═══ LISTED RECORDS
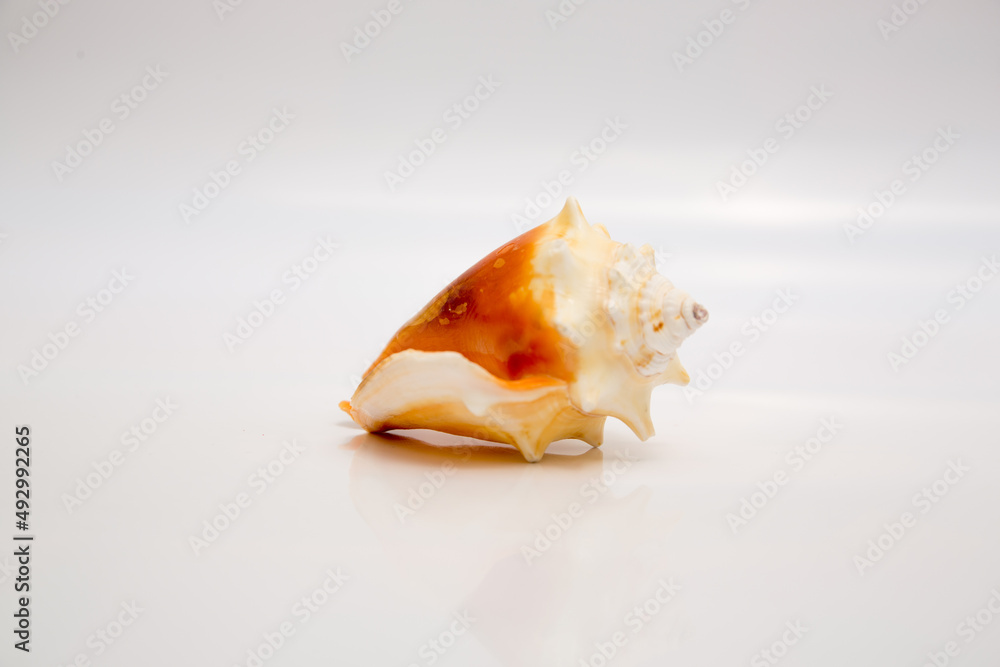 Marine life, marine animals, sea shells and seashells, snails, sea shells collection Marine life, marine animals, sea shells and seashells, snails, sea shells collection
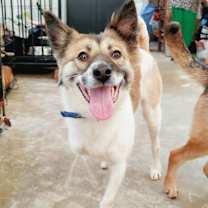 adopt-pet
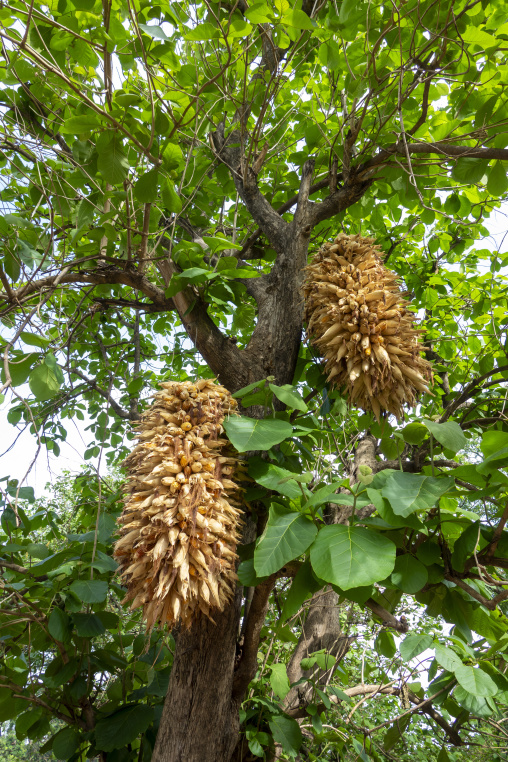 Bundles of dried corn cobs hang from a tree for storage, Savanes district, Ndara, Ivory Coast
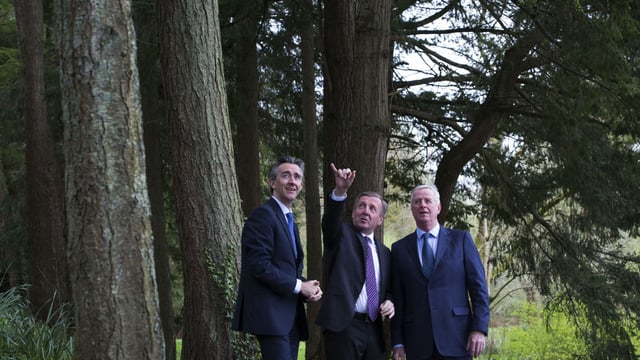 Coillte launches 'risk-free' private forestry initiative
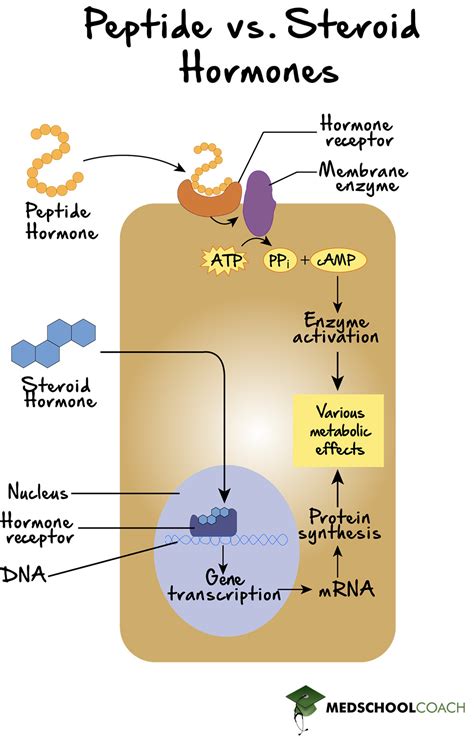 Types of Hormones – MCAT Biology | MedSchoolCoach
══════
═══ LISTED RECORDS
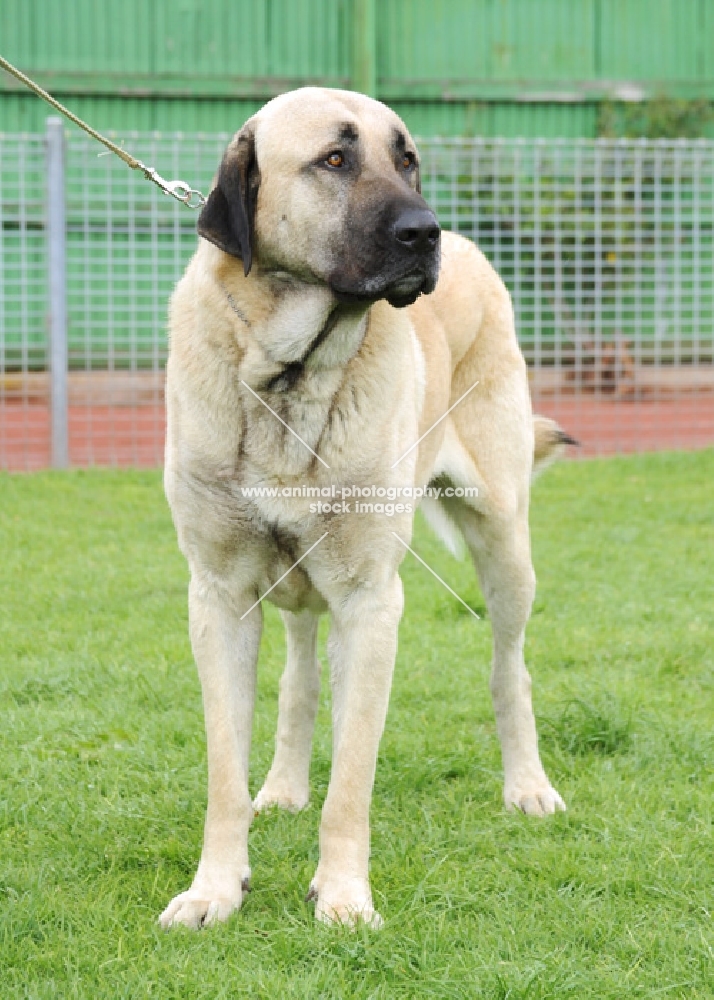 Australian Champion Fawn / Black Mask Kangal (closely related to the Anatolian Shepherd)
══════
Transcribe only the lines above that start at the line containing "shells collection Marine" and end at the line containing "Biology | MedSchoolCoach". Omit pictures.

WRITTEN RESPONSE ::
 Marine life, marine animals, sea shells and seashells, snails, sea shells collection Marine life, marine animals, sea shells and seashells, snails, sea shells collection
 adopt-pet
 Bundles of dried corn cobs hang from a tree for storage, Savanes district, Ndara, Ivory Coast
 Coillte launches 'risk-free' private forestry initiative
 Types of Hormones – MCAT Biology | MedSchoolCoach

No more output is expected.